Q: When we got our cockateel at 3 months of age three months ago, his wings were clipped. The wing feathers have since grown in. Is it advisable for us to trim the feathers? If so, how do we go about doing that? Or is it better to have the trimming done by a professional?

This is our first bird as a pet. Do birds need any vaccines such as the ones given to dogs and cats? What is the life expectancy of cockateels?

A: If you allow your cockateel to fly freely in the house, you should have his wings clipped by a veterinarian familiar with birds. If you want to trim the wings yourself, have the vet demonstrate the technique to you first. Always use sharp scissors to prevent crushing or fraying of the feathers and remember to have handy a hemostatic agent, such as Kwick stop, to control any bleeding in case you have to pull a feather.

No vaccines are necessary, but you should observe your bird for any changes in his habits or behavior that might indicate an illness. The average life expectancy of a cockateel is 10 to 12 years.

Q: My neighbor's dog became sick and was taken to her vet and put in the hospital. They told her the dog had parvo. Can my dog get parvo from hers, and what should I do to protect him?

A: Canine Parvovirus enteritis, or CPV, is a highly contagious and serious disease that primarily affects the stomach and intestines of a dog. The most common signs are depression, lack of appetite, weakness, vomiting and bloody diarrhea, which may lead to dehydration and shock. In some cases, the disease is fatal.

Your dog may have been exposed to CPV, depending on the amount of contact with your neighbor's dog. Vaccination is still the easiest and best method of protecting your dog from CPV. If your dog has not been vaccinated within the past four to six months, I would recommend a booster, especially if your neighbor's dog has been allowed to come into contact or play with your dog.

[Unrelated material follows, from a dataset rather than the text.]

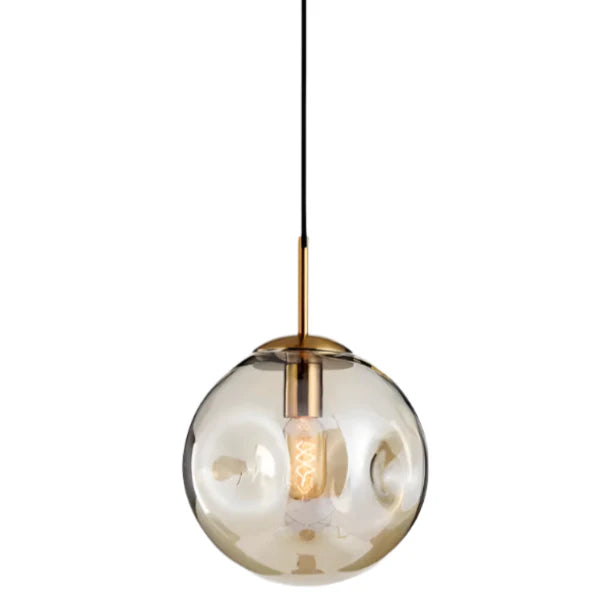 Designerska Lampa Wisząca z Kulistym Szklanym Kloszem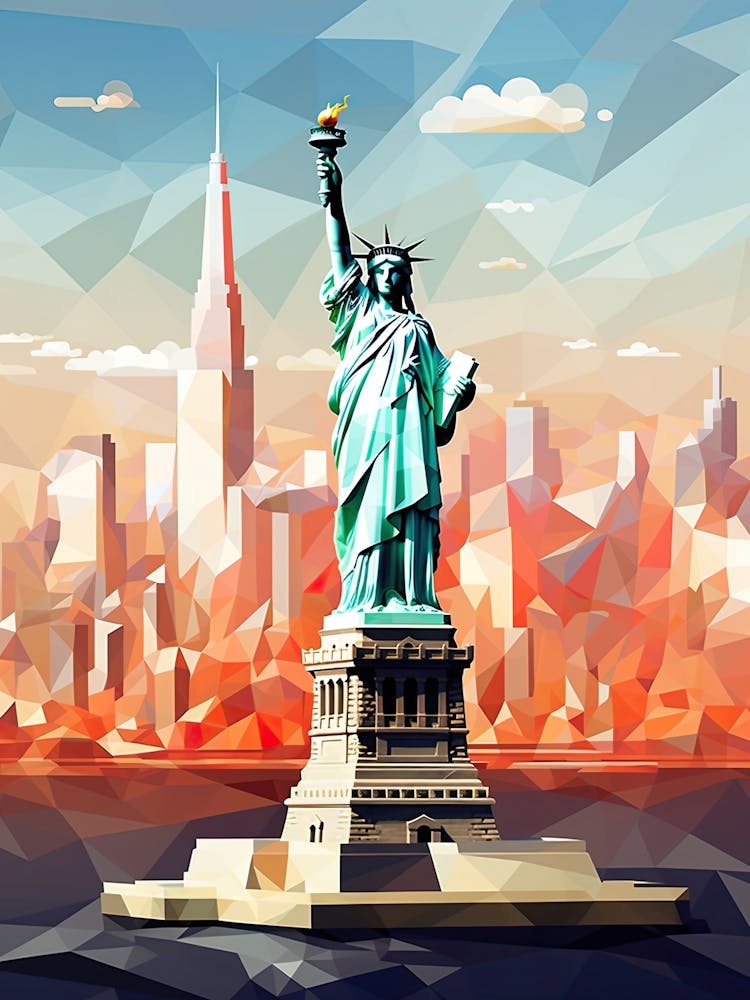 New York City, Usa, Geometric Illustration 4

Q: My cat had some patches of hair missing and is being treated for ringworm by my vet. I was told that it could spread to my family. Where did my cat get ringworm, and can he get it again?

A: The most common form of ringworm in cats is a fungus called Microsporum canis , and it can be contagious to susceptible humans, such as children. Your cat may have gotten ringworm from contact with other infected cats, from soil contaminated with the spores of Microsporum canis , or from objects such as contaminated combs or brushes. Contact with people who have ringworm is also a possibility. Always wash your hands well after treating your cat, avoid unnecessary contact with your cat while he is still contagious, and consult your physician if you suspect you have any skin lesions.